New home prices in China’s four major cities rose the most since January 2011 last month, led by a 19 percent jump in Guangzhou, as the government refrains from imposing further curbs to cool the market.
Beijing and Shanghai prices climbed 15 percent from a year earlier, while in Shenzhen they gained 18 percent, the National Bureau of Statistics said in a statement today. Prices rose in 69 of 70 cities tracked by the government, the same as in July.
Premier Li Keqiang has come up with no additional measures to rein in property prices since his predecessor Wen Jiabao stepped up a three-year campaign in March to cool the housing market, ordering the central bank to raise down-payment requirements for second mortgages in cities with excessive cost gains. Thirty-five provincial cities have set annual home-price targets this year, mostly capping gains at the growth rate of local disposable incomes.

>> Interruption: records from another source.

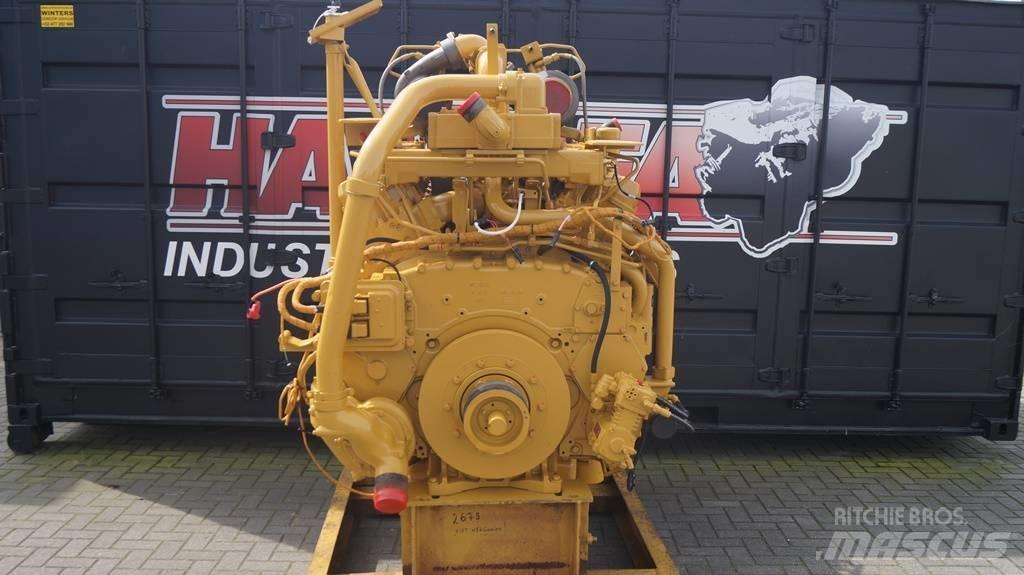 CAT 3508 LONG-BLOCK Motoren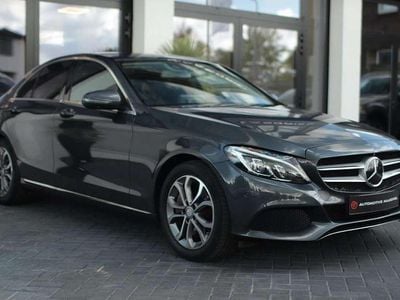 Mercedes C350e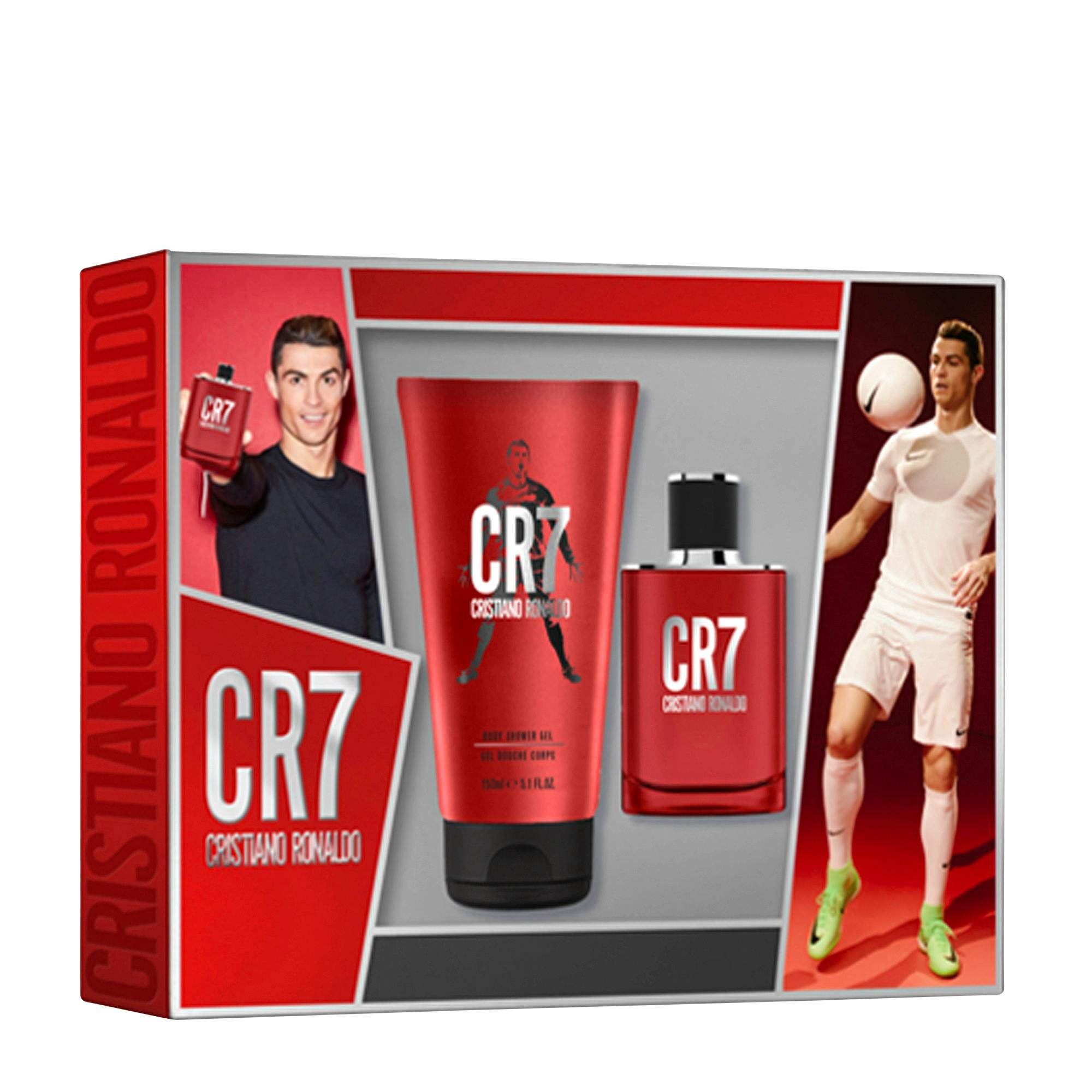 Cristiano Ronaldo CR7 Giftbox 50 ml 150 ml - 189.95 kr
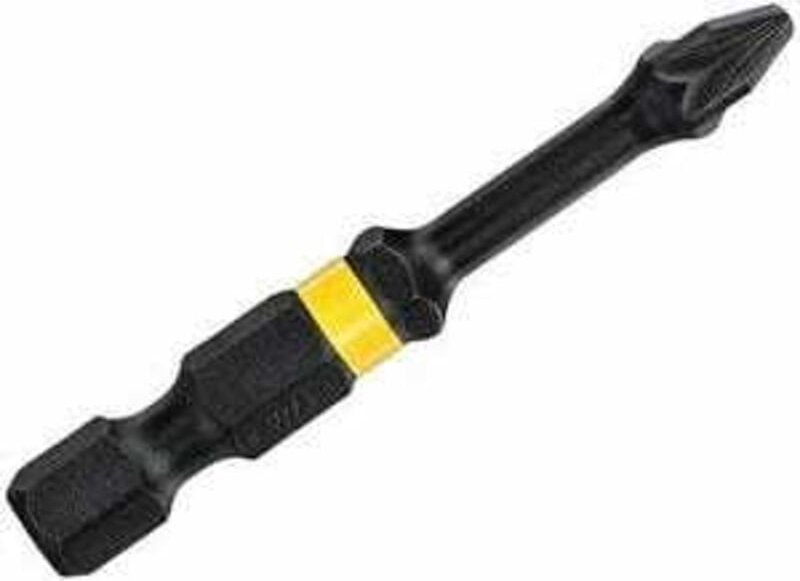 DT7391T dt 7391 Schlagschrauber Bits Pz2 x 50mm 5 Stück - Dewalt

“The government is unlikely to take strong action nationwide to curb the property market, as that may damp economic growth,” said Zhu Haibin, Hong Kong-based chief China economist with JPMorgan Chase & Co. in a phone interview today. “But local governments should come up with their own property policies by tightening in major cities and making some adjustments in smaller ones that have too much housing supply.”
A gauge tracking property stocks on the Shanghai Composite Index rose 2.2 percent at the close of trading, the best performer among the five industry groups on the benchmark, which closed 0.3 percent higher.
All four of the country’s major cities had their biggest gains since the government changed its methodology for the data in January 2011. For the fourth month in a row, the eastern city of Wenzhou was the only one to post a decline, with prices dropping 2.1 percent from last year.
The rally of home prices in major cities will probably continue because September and October are the traditional peak season for property sales in China, said JPMorgan’s Zhu.
Existing home prices rose 16 percent in Beijing last month from a year earlier and increased 11 percent in Shanghai and Guangzhou, according to the data.
Private data have shown rising housing values. Home prices jumped 8.6 percent from a year earlier last month, the biggest gain since December, according to SouFun Holdings Ltd., the nation’s largest real estate website owner.
A rally in the land market also fueled home prices, according to SouFun. A residential land parcel in Beijing sold at a record price 73,000 yuan ($11,924) per square meter (10.76 square feet) on Sept. 4, while Sun Hung Kai Properties Ltd., Hong Kong’s biggest developer by market value, bought a site in Shanghai for 21.8 billion yuan in an auction the next day, a record price in that city.
New home prices rose in 66 out of 70 cities in August from a month earlier, according to today’s data. That compared with 62 cities in July.
The value of home sales fell for a second month in August to 514.6 billion yuan, the statistics bureau reported Aug. 9.
The government is expected to release a “long-term mechanism” for stable and healthy property-market development in about three months, the official Xinhua News agency reported on Aug. 15, citing Zhu Zhongyi, the deputy head of the China Real Estate Industry Association.
China’s “long-term” property policies, on which the government hasn’t elaborated, may include acceleration of shantytown redevelopment and property taxes in more cities, according to Citigroup Inc.
Smaller cities have taken their policies in different directions. The eastern city of Wenzhou is “fine tuning” its home purchase restrictions by allowing second-home purchases by qualified local residents, Xinhua reported on Aug. 15, citing a local housing bureau official. The northern city of Zhengzhou banned residents under 20 years old from buying homes, the Securities Times reported on Sept 3.
Wang Jianlin, China’s richest man and owner of closely held Dalian Wanda Group, the country’s biggest commercial land developer, is seeing an overheated real estate market.
The property market is “definitely” in a bubble, though it is “controllable” and not big, Wang said in an interview on Sept. 11 before the World Economic Forum in Dalian, in the country’s northeast.